BRIEF | Leaving out the pictures, please reproduce exactly and only the lines from the one that contains "this 800×534 image." through the last line below.

INFORMATION GIVEN |
Content starts

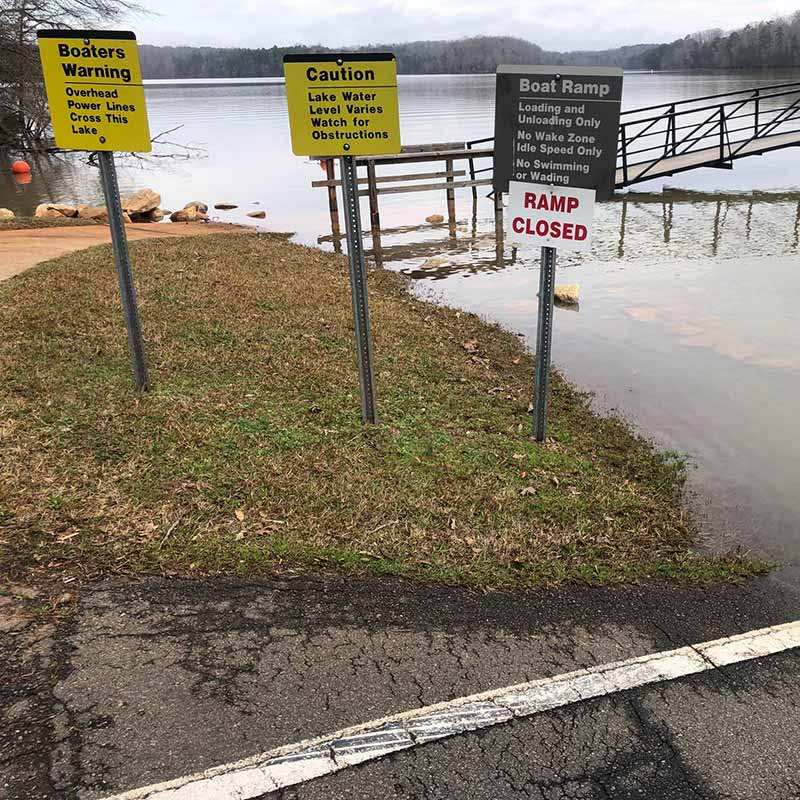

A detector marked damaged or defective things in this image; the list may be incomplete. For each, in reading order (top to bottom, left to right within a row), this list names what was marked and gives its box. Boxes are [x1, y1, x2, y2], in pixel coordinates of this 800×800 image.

cracked pavement [1, 580, 800, 796]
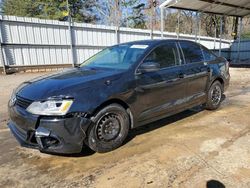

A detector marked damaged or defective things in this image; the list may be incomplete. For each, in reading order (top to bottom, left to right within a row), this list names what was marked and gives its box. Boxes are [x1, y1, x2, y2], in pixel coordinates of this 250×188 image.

damaged front bumper [7, 104, 92, 154]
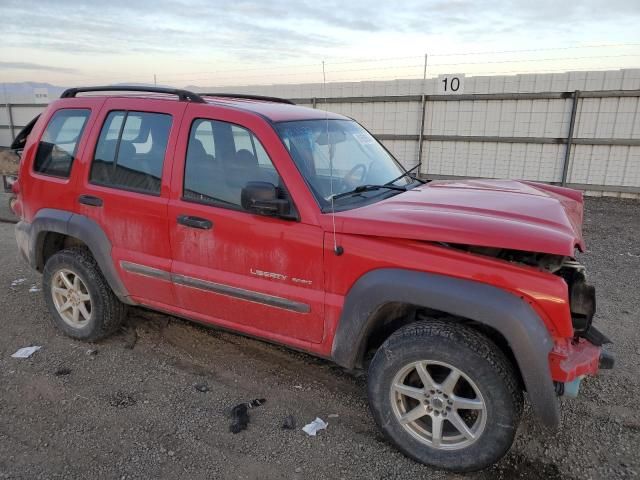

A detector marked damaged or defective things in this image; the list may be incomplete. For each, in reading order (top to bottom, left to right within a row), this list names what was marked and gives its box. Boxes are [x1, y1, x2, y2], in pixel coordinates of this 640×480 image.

crumpled hood [338, 178, 588, 256]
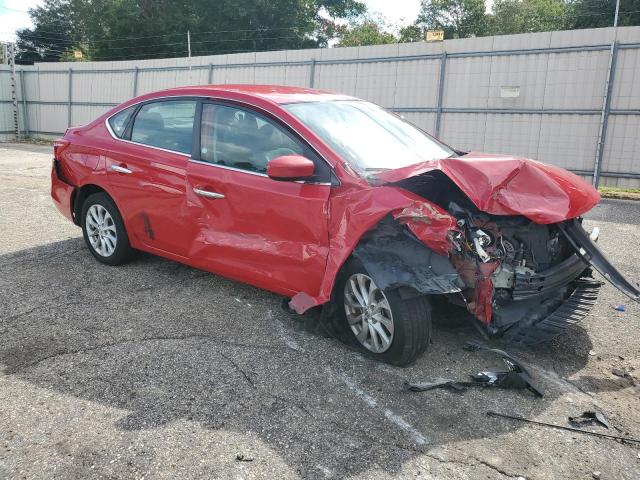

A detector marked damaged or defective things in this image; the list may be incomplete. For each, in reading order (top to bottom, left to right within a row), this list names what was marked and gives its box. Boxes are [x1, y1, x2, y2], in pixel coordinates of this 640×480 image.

cracked asphalt [1, 143, 640, 480]
crashed red car [51, 84, 640, 366]
crumpled hood [372, 152, 604, 223]
torn metal panel [560, 218, 640, 302]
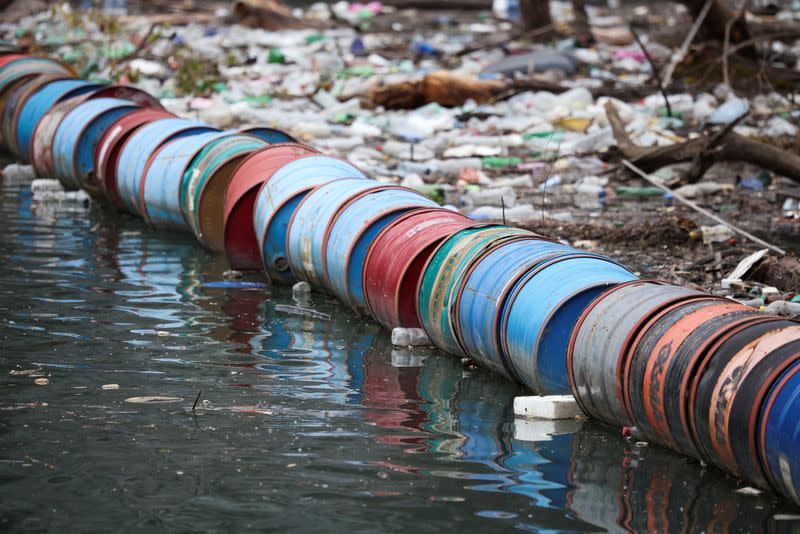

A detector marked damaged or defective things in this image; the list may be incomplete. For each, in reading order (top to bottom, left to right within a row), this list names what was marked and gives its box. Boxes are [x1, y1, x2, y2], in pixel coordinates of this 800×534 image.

rusty barrel [2, 73, 73, 157]
rusty barrel [16, 77, 99, 161]
rusty barrel [52, 97, 140, 192]
rusty barrel [94, 108, 176, 209]
rusty barrel [115, 118, 216, 217]
rusty barrel [138, 132, 230, 230]
rusty barrel [180, 134, 268, 251]
rusty barrel [222, 144, 318, 270]
rusty barrel [250, 150, 362, 278]
rusty barrel [286, 180, 382, 288]
rusty barrel [324, 187, 440, 310]
rusty barrel [364, 208, 472, 330]
rusty barrel [418, 224, 532, 358]
rusty barrel [454, 238, 572, 382]
rusty barrel [500, 255, 636, 398]
rusty barrel [564, 282, 704, 430]
rusty barrel [624, 298, 756, 456]
rusty barrel [688, 318, 800, 490]
rusty barrel [760, 360, 800, 506]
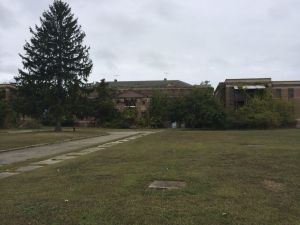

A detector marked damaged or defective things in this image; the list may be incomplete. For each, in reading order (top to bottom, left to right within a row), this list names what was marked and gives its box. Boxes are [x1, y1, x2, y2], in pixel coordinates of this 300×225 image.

cracked concrete path [0, 130, 142, 165]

Content ends

EXPECTED OUTPUT |
A detector marked damaged or defective things in this image; the list may be incomplete. For each, in reading order (top to bottom, left to right within a row), this list names what was marked and gives its box. Boxes are [x1, y1, x2, y2], in pixel coordinates of this 800×534 image.

rusty barrel [2, 73, 73, 157]
rusty barrel [16, 77, 99, 161]
rusty barrel [52, 97, 140, 192]
rusty barrel [94, 108, 176, 209]
rusty barrel [115, 118, 216, 217]
rusty barrel [138, 132, 230, 230]
rusty barrel [180, 134, 268, 251]
rusty barrel [222, 144, 318, 270]
rusty barrel [250, 150, 362, 278]
rusty barrel [286, 180, 382, 288]
rusty barrel [324, 187, 440, 310]
rusty barrel [364, 208, 472, 330]
rusty barrel [418, 224, 532, 358]
rusty barrel [454, 238, 572, 382]
rusty barrel [500, 255, 636, 398]
rusty barrel [564, 282, 704, 430]
rusty barrel [624, 298, 756, 456]
rusty barrel [688, 318, 800, 490]
rusty barrel [760, 360, 800, 506]

A detector marked damaged or defective things in this image; the list may be incomplete. For each, in reading order (top to bottom, left to right within a row), this list names what was marked and gives its box. Boxes are [x1, y1, x2, y2], in pixel coordinates of this 300×225 image.

cracked concrete path [0, 130, 142, 165]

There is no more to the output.